For me, sex is a HUGE thing so when i wasn't getting enough sex, it felt like i wasn't getting enough affection too. I also have a big need for conversation - when i wasn't all snuggled up in his arms talking about us, i would feel lonely and depressed.

Get enough sex and conversation? my need for affection isn't as acute. Anybody else notice this?


----------



## Blanca (Jul 25, 2008)

T-Dub said:


> Java, Just wait until your hubby tells you that you pay more attention to the dog instead of him.


:lol: that's what happened with my H and I. he's jealous of the dog b/c i would give her more attention.


----------



## java (Jan 15, 2009)

T-Dub said:


> Java, Just wait until your hubby tells you that you pay more attention to the dog instead of him.


Funny. We just got a new puppy and it's a daddy's girl. I have been telling him he plays with her more than me...pets her more than he touches me. I am half kidding but it's true. His response: She's a baby. 
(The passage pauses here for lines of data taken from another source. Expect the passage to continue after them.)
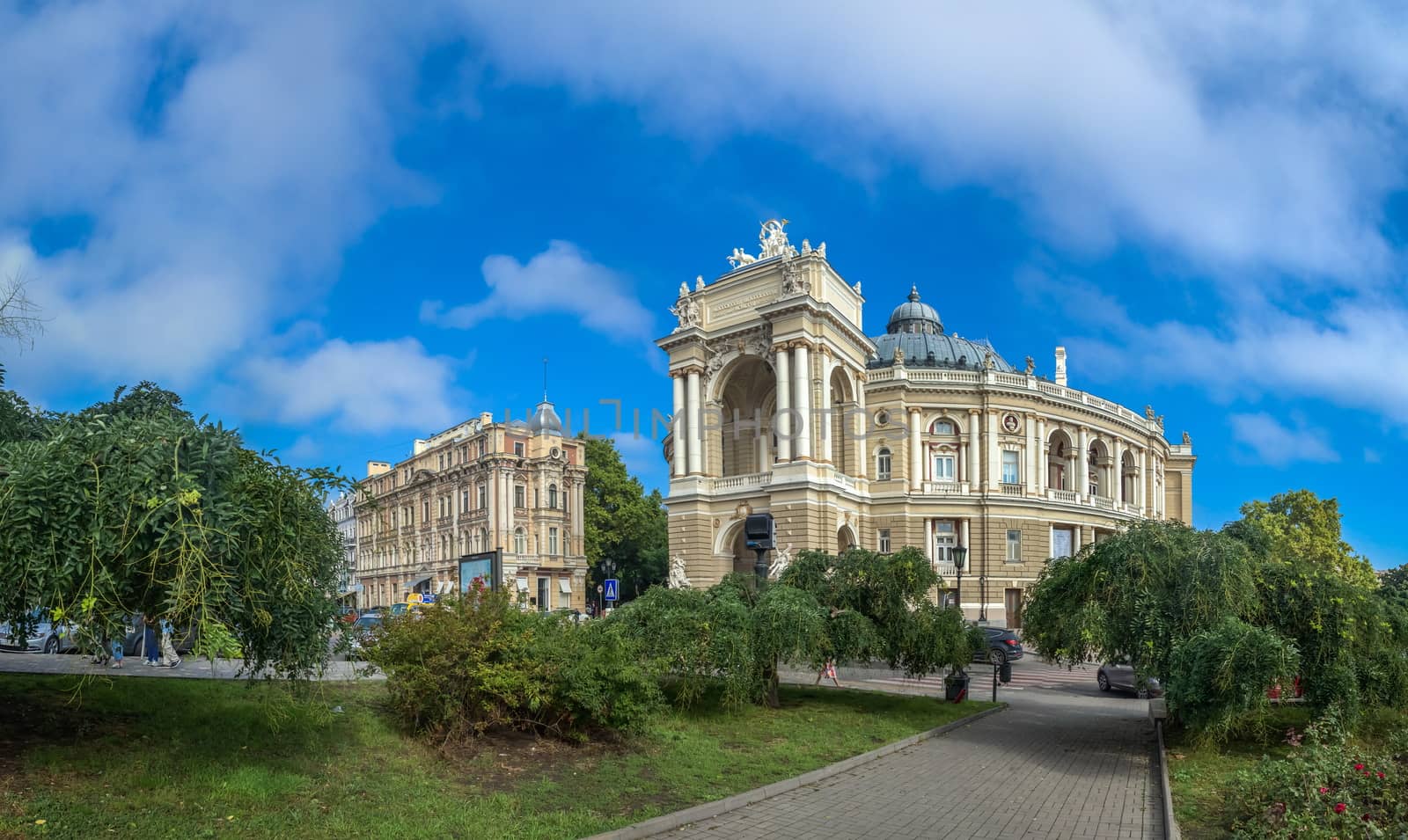 Odessa Opera theatre panoramic view by Multipedia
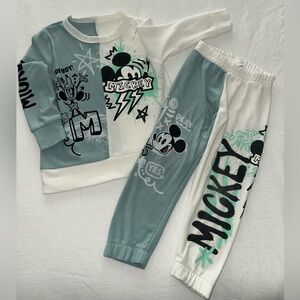 Disney Blue and White Sweatshirt with Graphic Design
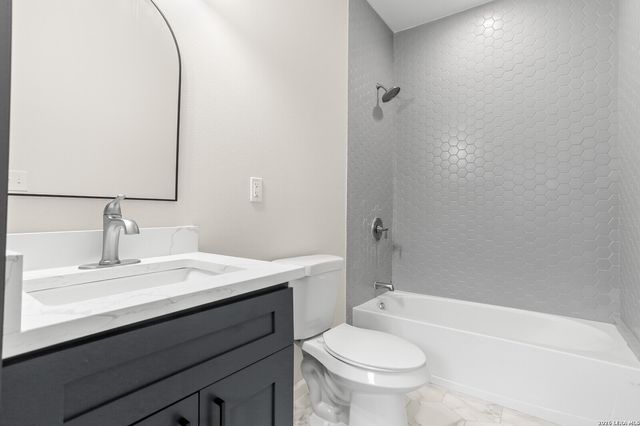 1962 E Crockett, San Antonio, TX 78202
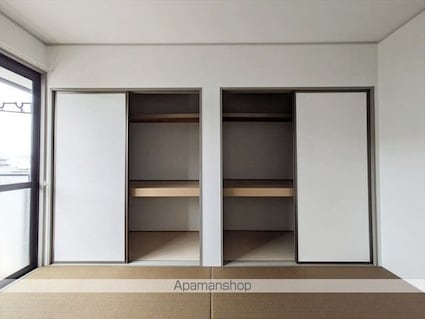 ファミーユ・ヴィラ　Ｂ・Ｃ　Ｃ棟[2LDK/55.2m2]の収納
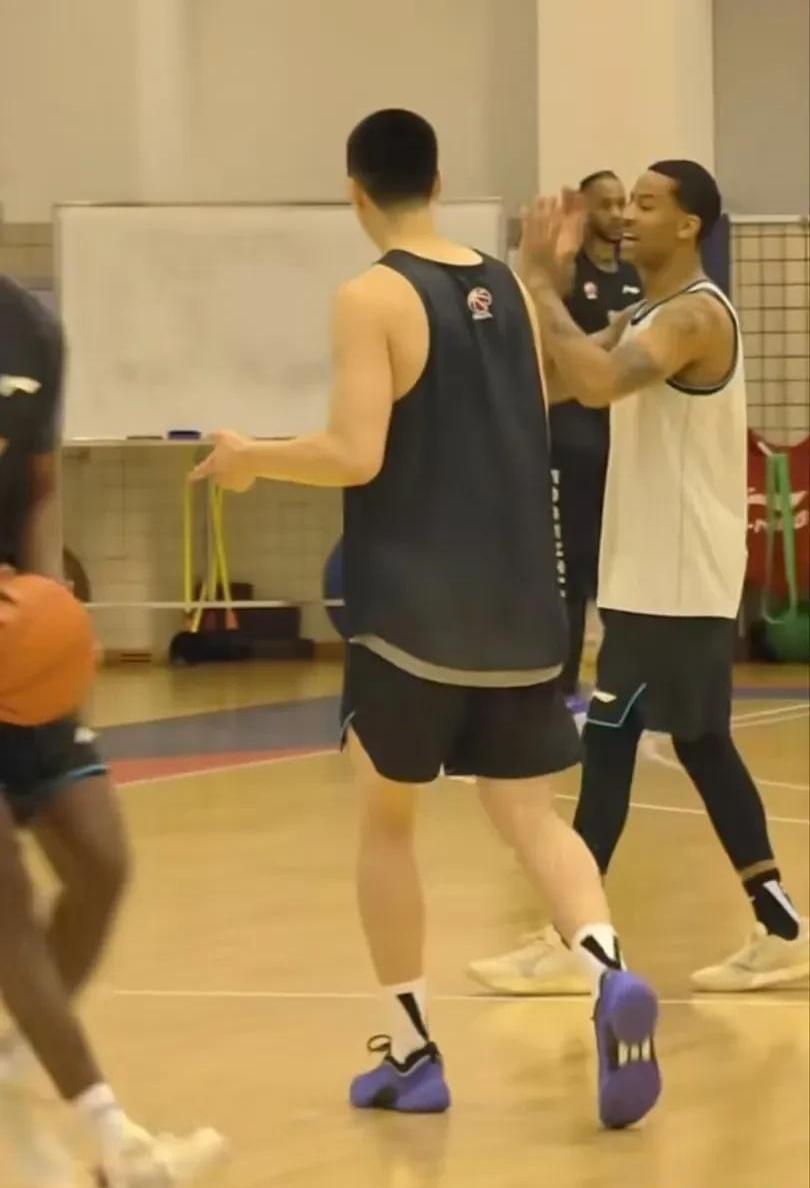 KOK体育-竞技场上有球员伤愈复出，是否可以改变比分？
What am I? Of course I give her as much love as he does. It's impossible not too. 

But I still want mine.


----------



## java (Jan 15, 2009)

snix11 said:


> I think we need affection when we are feeling lonely - that's when we don't get it and feel bad.
> 
> When we are just happy/perky affectionate, it's no big deal... we'll hug hubby, the kids, the puppy - and its all good.
> 
> ...


I LOVE being wrapped up in his arms...snuggling...getting kisses and affection. Just us time. We do it sometimes, when we can..but I know that kind of time is not always possible. I come up to him on the pc and wrap my arms around him. I am constantly kissing him no matter what he is doing. I feel like he should want to spend 5 minutes with me when I get home in the evening from work...if he is busy doing other things around the house,yes, they have to get done...but time is a curse. He says these things have to get done and then I am sacrificed and left to feel like he doesn't want me. Before we were married and it's only been 1 1/2 years...he couldn't keep his hands off me...now he says he has me all the time so that desperation isn't there but he still wants me. 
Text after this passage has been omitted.